Aliás, este último caso merece uma referência prévia. Trata-se da juíza conselheira Joaquina do Nascimento, que, como se sabe, era a primeira na lista de três pessoas a serem apresentadas ao presidente da República para escolha do presidente do Tribunal Supremo. Como é público, a escolha de João Lourenço recaiu noutra alternativa, a de Joel Leonardo, e desde então as relações entre a juíza e Leonardo não têm sido fáceis. O certo é que Joaquina do Nascimento viu interrompida a sua autorização de permanência em Lisboa, quando continua a ser das juízas mais produtivas do colectivo do Supremo.

Quer esta iniciativa de impedir que Joaquina do Nascimento termine o doutoramento, quer a recente notificação de acusação disciplinar enviada pelo Conselho Superior da Magistratura Judicial à juíza conselheira Anabela Vidinhas (cujo teor desconhecemos), que se segue à demissão provisória do juiz conselheiro Agostinho Santos, indicarão que estamos perante uma purga judicial inconstitucional, aparentemente, levada a cabo pelo presidente do Tribunal Supremo, a qual coloca em causa a independência e inamovibilidade dos juízes. Algo está podre no reino do Tribunal Supremo, como diria William Shakespeare (“Something is rotten in the state of Denmark”).

O curioso desta alegada purga é que não se trata de uma “guerra” entre o partido do governo e o partido da oposição, mas de uma “guerra” interna entre várias facções ligadas ao partido do governo. Deixemos, porém, este ângulo de análise para outra ocasião.

Retornando à “excursão” do Supremo, apurámos entretanto dados mais concretos, que aqui publicamos por esclarecerem o comunicado do Tribunal Supremo e serem, por isso, de interesse público.

Não está prevista nenhuma viagem de todos os juízes conselheiros a Lisboa, Estrasburgo e Haia a partir de 17 de Janeiro. O que há e foi aprovado são deslocações em dois grupos separados a Lisboa, e só a Lisboa.

Os juízes conselheiros e os secretários judiciais das câmaras do cível, contencioso administrativo, fiscal e aduaneiro e do trabalho deslocar-se-ão na primeira quinzena de Fevereiro a Lisboa (3 a 17 de Fevereiro). Os juízes conselheiros e o secretário judicial da câmara criminal irão também na primeira quinzena de Fevereiro de 2023 (de 3 a 17 de Fevereiro, presume-se que em momentos distintos do primeiro grupo, mas não é certo) e na segunda quinzena de Março de 2022 (de 3 a 17 de Março, o que é estranho, pois já entram pelo período de normal funcionamento do Tribunal em Angola).

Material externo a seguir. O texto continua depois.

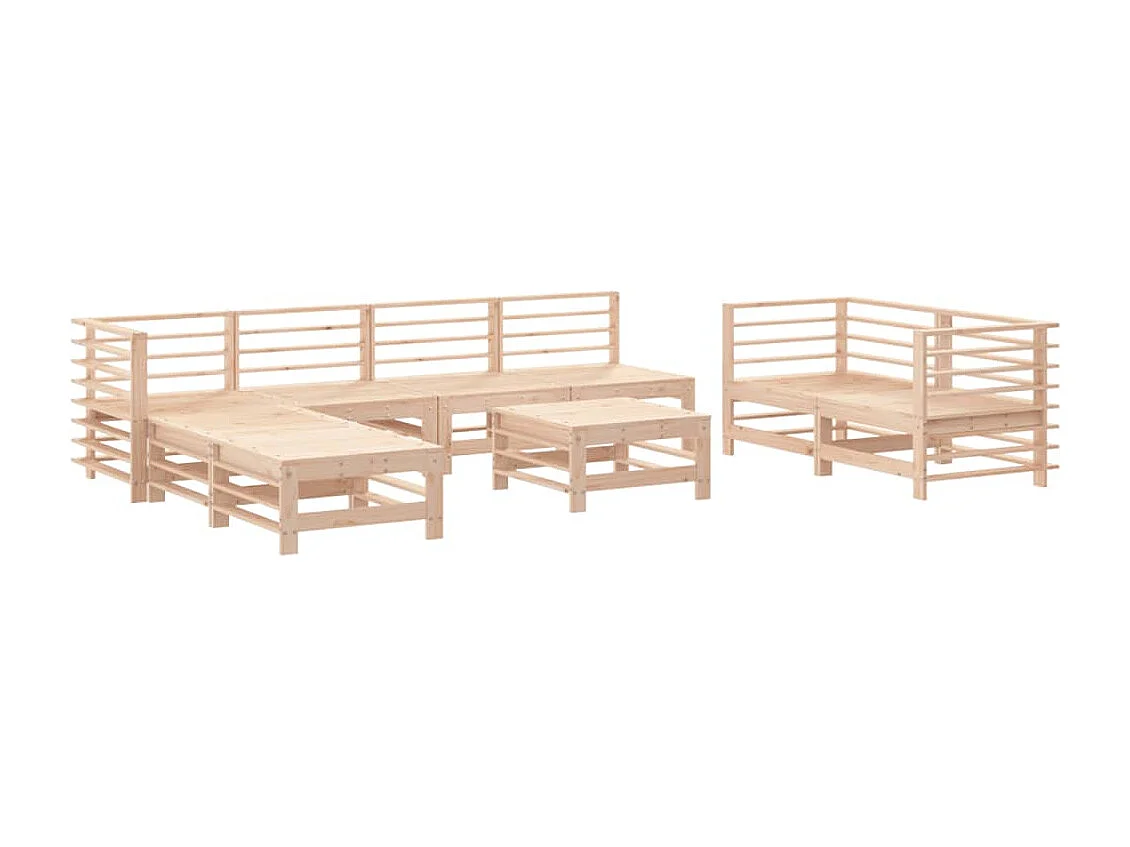 Salon de jardin 9 pcs Bois de pin massif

Possivelmente, esta excursão tenta imitar um projecto dos anos 1990, sendo presidente do tribunal João Felizardo Movimba. Na altura promoveu-se uma viagem de formação, a ter lugar no Centro de Estudos Judiciários (CEJ), a escola dos juízes em Lisboa, sob a égide de um programa de reforma da justiça apoiado pelo Banco Mundial. Essa formação fez-se em dois grupos e em duas fases, para não prejudicar os trabalhos do tribunal.

Desta feita, não se conhece qualquer formação no CEJ e o programa da troca de experiências envolve o seguinte:

  1. tramitação processual (desde o princípio até ao termo);
  2. programação/organização das sessões das câmaras e do plenário;
  3. modelos de tabelas;
  4. realização das sessões de julgamento das câmaras e plenário;
  5. elaboração dos projectos de acórdão;
  6. número (limite) de processos a inscrever por conselheiro por sessão;
  7. publicação dos acórdãos;
  8. outras práticas processuais de interesse comum.

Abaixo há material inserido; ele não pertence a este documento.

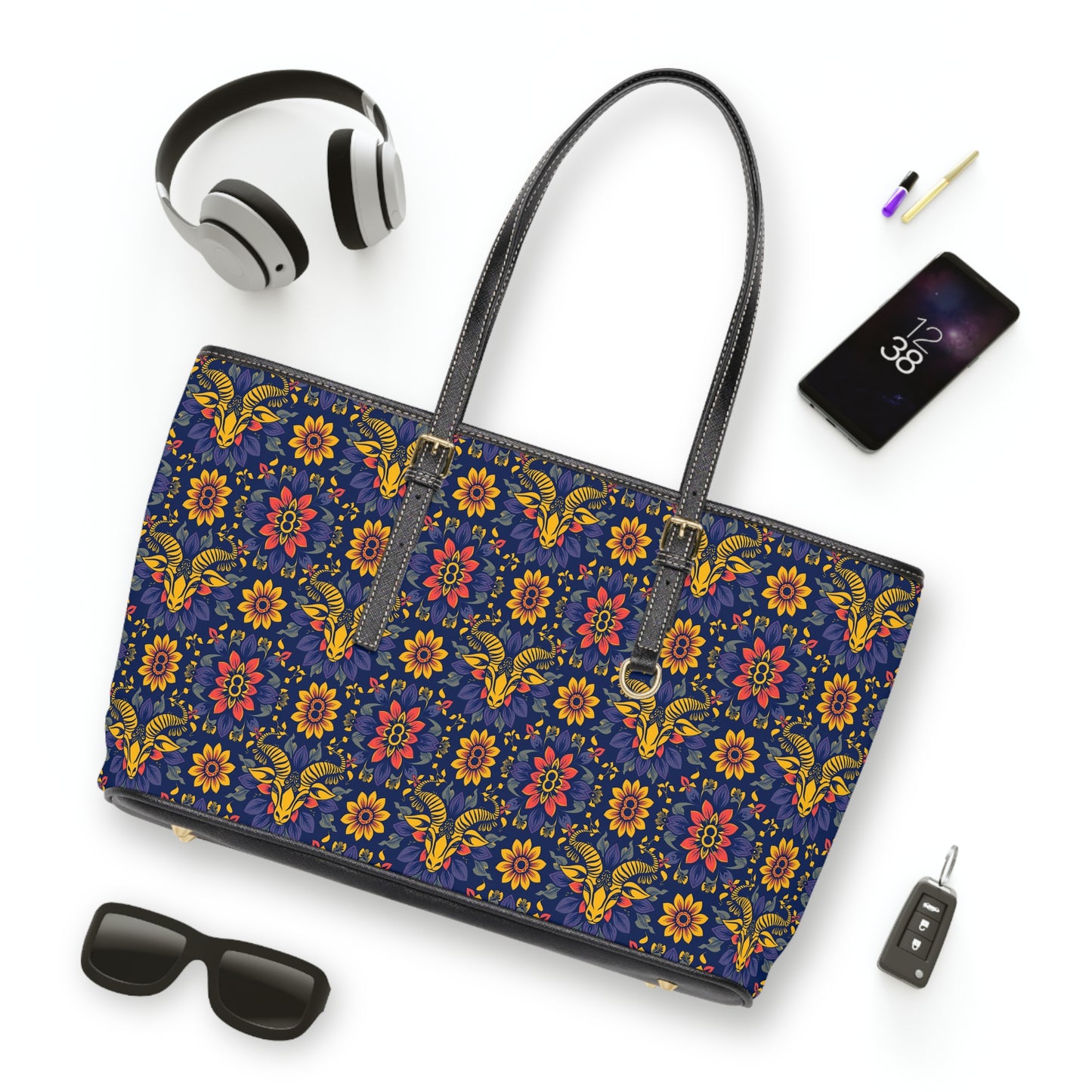 Leather Shoulder Bag, Taurus, Zodiac, Flower Pattern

Este programa é tão importante quanto é inadequado receber formação sobre ele em Portugal. E isto por duas razões, uma prática e outra estruturante.

Em termos práticos, Portugal não tem sido capaz de se tornar um exemplo em termos de tramitação processual, organização do procedimento judicial e elaboração de acórdãos.

Comecemos pelo fim. Os acórdãos em Portugal tendem a ser demasiado longos e pejados de copy-paste. Não raro, ultrapassam as 1000 (mil) páginas, que ninguém consegue ler, nem os arguidos para se defenderem, nem os juízes de recurso para bem decidirem. Na verdade, este hábito de escrever longuíssimos acórdãos ilegíveis configura uma verdadeira denegação de justiça. Muito melhor seria procurar jurisdições com capacidade de síntese e acórdãos claros, sem copy-paste. Na tramitação processual, o panorama não é melhor. Os processos importantes tendem a prolongar-se demasiado no tempo, nunca se fazendo verdadeira justiça.

Ora, estando Angola já a sofrer do mesmo mal (basta lembrar o tempo de demora de um eventual processo contra Isabel dos Santos ou o número de recursos importantes por decidir no Tribunal Supremo), parece de uma certa burrice ir aprender com quem faz pior.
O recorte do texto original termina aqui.